Validation of credit card number

Question

I have written the code for credit card number validation and it works correctly but I feel that the code could be reduce to fewer lines.

#include <stdio.h>

int main()

{

    long long int  no;

    do
    {
        printf("Card number: ");
        scanf("%lld", &no);
    }

    while(no<10);

    int d_1,d_2,d_3,d_4,d_5,d_6,d_7,d_8,d_9,d_10,d_11,d_12,d_13,d_14,d_15,d_16;

    d_16 = no%10;
    d_15 = ((no%100)/10)*2;
    d_14 = (no%1000)/100;
    d_13 = ((no%10000)/1000)*2;
    d_12 = (no%100000)/10000;
    d_11 = ((no%1000000)/100000)*2;
    d_10 = (no%10000000)/1000000;
    d_9 = ((no%100000000)/10000000)*2;
    d_8 = (no%1000000000)/100000000;
    d_7 = ((no%10000000000)/1000000000)*2;
    d_6 = (no%100000000000)/10000000000;
    d_5 = ((no%1000000000000)/100000000000)*2;
    d_4 = (no%10000000000000)/1000000000000;
    d_3 = ((no%100000000000000)/10000000000000)*2;
    d_2 = (no%1000000000000000)/100000000000000;
    d_1 = ((no%10000000000000000)/1000000000000000)*2;

    int od[] = {d_1,d_3,d_5,d_7,d_9,d_11,d_13,d_15};
    int ed[] = {d_2,d_4,d_6,d_8,d_10,d_12,d_14,d_16};
    int i,add=0;

    for (i=1;i<=8;i++)
    {
         if(od[i] >= 10)
         {
             int nod = (od[i]%10)+(od[i]/10);
             od[i] = nod;
         }
    }
    for (int j=0;j<8;j++)
    {
        add = add + od[j];
    }
    for (i=1;i<=8;i++)
    {
        if(ed[i] >= 10)
        {
            int ood = (ed[i]%10)+(ed[i]/10);
            ed[i] = ood;
        }
    }
    for (int j=0;j<8;j++)
    {
        add = add + ed[j];
    }

    if ((add%10)==0)
    {
        printf("The card is valid");
    }
    else
    {
    printf("The card is invalid");
    }

}

Answer 1

I don't like this:

do
{
    printf("Card number: ");
    scanf("%lld", &no);
}

while(no<10);

That blank line makes it look like the while (); is a separate (possibly infinite) loop. I recommend writing the while keyword straight after the closing brace, like this:

do {
    printf("Card number: ");
} while (scanf("%lld", &no) != 1);

(I've also changed the test so that we don't access an uninitialised no if the scanf() fails - it's still flawed, though, as any permanent stdin failure will lead to an infinite loop).

---

It's not clear why we have d_1, d_2, ..., etc. when all we do with them is to copy them into array members - why not just assign to the array members directly?

---

Instead of dividing no by successively bigger numbers each time, we could modify it as we go, like this:

d_16 = no % 10;
no /= 10;
d_15 = no % 10 * 2;
no /= 10;
d_14 = no % 10;

It's starting to become clear how to transform this into a loop. The missing part is whether to multiply by 2 at each step; we can tell whether the loop index is even or odd, by considering it modulo 2.

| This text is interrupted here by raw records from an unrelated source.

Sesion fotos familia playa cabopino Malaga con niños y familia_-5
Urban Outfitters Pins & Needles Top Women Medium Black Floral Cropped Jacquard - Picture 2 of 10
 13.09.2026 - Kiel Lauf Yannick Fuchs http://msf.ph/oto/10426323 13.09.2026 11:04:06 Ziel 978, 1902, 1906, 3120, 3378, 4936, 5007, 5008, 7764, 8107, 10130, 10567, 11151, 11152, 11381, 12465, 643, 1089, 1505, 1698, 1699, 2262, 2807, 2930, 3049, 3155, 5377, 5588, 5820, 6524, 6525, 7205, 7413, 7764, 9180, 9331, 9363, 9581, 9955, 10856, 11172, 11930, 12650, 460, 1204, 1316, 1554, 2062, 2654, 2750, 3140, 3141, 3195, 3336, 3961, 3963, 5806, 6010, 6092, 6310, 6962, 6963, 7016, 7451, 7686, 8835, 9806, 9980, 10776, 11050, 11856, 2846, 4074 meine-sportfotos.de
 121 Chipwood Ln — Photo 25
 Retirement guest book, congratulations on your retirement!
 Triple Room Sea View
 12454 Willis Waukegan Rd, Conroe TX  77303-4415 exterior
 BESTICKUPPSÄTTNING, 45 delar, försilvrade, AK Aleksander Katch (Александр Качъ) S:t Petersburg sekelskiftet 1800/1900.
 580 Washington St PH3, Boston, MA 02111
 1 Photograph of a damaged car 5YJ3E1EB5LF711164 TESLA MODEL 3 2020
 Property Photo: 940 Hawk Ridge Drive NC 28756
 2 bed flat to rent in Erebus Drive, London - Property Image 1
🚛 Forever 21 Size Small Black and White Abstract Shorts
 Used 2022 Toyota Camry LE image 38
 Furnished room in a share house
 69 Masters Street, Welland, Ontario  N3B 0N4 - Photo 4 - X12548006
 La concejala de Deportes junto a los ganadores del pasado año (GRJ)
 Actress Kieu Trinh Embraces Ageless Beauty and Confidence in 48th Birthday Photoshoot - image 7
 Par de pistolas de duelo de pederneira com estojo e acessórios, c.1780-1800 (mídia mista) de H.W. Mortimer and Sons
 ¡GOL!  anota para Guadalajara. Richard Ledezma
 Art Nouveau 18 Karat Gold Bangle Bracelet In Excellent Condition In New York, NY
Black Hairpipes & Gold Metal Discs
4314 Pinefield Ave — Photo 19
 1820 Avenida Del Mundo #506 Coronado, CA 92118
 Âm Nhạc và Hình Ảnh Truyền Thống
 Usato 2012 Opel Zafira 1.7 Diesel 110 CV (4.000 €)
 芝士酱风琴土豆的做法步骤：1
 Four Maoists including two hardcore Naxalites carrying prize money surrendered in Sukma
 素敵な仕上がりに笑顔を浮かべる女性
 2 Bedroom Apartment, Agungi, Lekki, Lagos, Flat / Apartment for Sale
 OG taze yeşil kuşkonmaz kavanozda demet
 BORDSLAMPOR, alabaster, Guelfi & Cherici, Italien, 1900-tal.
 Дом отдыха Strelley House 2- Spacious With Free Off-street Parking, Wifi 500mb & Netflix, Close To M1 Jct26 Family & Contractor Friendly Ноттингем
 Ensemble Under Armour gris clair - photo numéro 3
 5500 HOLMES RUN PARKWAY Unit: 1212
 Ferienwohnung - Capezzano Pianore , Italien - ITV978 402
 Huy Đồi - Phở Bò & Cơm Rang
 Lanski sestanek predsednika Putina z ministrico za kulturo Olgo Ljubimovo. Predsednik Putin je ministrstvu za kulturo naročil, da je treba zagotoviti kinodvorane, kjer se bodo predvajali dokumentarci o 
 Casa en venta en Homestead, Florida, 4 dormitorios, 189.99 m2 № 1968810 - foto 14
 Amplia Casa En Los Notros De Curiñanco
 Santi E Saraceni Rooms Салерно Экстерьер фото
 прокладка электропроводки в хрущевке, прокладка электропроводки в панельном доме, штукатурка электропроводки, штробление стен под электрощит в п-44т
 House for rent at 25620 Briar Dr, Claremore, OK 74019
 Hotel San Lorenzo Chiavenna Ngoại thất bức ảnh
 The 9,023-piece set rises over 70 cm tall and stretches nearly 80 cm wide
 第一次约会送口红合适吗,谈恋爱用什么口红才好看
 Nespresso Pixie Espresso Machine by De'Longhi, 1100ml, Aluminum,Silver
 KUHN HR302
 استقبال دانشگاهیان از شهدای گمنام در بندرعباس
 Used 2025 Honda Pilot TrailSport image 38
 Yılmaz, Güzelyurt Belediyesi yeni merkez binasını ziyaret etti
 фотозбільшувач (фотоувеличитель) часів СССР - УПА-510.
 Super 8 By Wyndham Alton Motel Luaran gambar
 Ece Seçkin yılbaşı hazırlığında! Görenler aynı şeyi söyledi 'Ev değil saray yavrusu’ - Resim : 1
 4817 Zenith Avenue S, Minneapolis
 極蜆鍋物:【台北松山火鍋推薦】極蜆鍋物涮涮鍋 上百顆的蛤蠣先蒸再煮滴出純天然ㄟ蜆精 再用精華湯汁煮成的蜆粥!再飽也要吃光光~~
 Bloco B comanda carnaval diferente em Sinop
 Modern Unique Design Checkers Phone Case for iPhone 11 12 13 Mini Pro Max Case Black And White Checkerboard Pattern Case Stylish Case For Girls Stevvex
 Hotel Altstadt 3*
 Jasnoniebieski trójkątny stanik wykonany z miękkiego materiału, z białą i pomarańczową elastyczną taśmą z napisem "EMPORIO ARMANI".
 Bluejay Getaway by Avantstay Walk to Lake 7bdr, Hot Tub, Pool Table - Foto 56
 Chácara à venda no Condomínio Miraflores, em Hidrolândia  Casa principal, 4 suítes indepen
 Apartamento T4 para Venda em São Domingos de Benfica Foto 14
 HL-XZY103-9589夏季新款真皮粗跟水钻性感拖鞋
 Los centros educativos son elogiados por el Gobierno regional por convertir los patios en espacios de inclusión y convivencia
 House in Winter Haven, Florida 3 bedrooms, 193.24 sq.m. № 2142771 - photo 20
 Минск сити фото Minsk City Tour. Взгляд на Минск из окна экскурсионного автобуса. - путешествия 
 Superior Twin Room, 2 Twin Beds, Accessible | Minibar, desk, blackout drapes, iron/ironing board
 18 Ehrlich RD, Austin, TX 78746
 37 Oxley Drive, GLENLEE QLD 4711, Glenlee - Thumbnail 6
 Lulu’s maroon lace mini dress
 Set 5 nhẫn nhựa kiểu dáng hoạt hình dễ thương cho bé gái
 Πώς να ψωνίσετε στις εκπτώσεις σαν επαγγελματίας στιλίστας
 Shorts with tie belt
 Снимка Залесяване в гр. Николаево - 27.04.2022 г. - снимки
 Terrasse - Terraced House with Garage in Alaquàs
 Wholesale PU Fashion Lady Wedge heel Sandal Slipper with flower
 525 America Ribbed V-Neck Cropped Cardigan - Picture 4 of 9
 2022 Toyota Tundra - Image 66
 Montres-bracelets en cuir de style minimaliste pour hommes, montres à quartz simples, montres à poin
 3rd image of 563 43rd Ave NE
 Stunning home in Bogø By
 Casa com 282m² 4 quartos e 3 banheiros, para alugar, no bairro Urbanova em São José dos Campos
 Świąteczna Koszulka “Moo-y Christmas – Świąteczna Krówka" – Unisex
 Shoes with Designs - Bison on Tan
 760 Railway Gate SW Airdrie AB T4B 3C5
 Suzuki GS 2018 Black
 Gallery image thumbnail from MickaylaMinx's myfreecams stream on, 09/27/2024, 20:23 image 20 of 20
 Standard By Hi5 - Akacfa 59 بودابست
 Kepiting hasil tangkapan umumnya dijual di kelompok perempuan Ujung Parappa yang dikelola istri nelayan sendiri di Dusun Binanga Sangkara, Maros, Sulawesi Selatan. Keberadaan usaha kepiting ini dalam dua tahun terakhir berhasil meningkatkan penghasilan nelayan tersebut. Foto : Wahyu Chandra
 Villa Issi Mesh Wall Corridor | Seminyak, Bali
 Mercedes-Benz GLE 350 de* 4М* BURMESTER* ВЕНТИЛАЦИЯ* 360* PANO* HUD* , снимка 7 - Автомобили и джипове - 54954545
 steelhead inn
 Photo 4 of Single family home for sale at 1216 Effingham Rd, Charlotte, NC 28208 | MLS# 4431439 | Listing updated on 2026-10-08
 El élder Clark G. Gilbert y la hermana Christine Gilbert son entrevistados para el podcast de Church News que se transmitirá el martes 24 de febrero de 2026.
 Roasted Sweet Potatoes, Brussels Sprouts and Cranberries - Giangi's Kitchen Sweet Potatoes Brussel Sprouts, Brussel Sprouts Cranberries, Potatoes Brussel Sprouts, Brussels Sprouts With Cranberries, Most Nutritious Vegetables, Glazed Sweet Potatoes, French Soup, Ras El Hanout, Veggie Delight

Once we are considering the digits in a loop, we can perform the addition as we go, meaning that we no longer need all those local variables.

Answer 2

d_16 = no%10;
d_15 = ((no%100)/10)*2;
d_14 = (no%1000)/100;
d_13 = ((no%10000)/1000)*2;
d_12 = (no%100000)/10000;
d_11 = ((no%1000000)/100000)*2;
d_10 = (no%10000000)/1000000;
d_9 = ((no%100000000)/10000000)*2;
d_8 = (no%1000000000)/100000000;
d_7 = ((no%10000000000)/1000000000)*2;
d_6 = (no%100000000000)/10000000000;
d_5 = ((no%1000000000000)/100000000000)*2;
d_4 = (no%10000000000000)/1000000000000;
d__3 = ((no%100000000000000)/10000000000000)*2;
d_2 = (no%1000000000000000)/100000000000000;
d_1 = ((no%10000000000000000)/1000000000000000)*2;

You're using too many magic numbers in your program, and they are prone to error. Instead, you could use a loop for this calculation.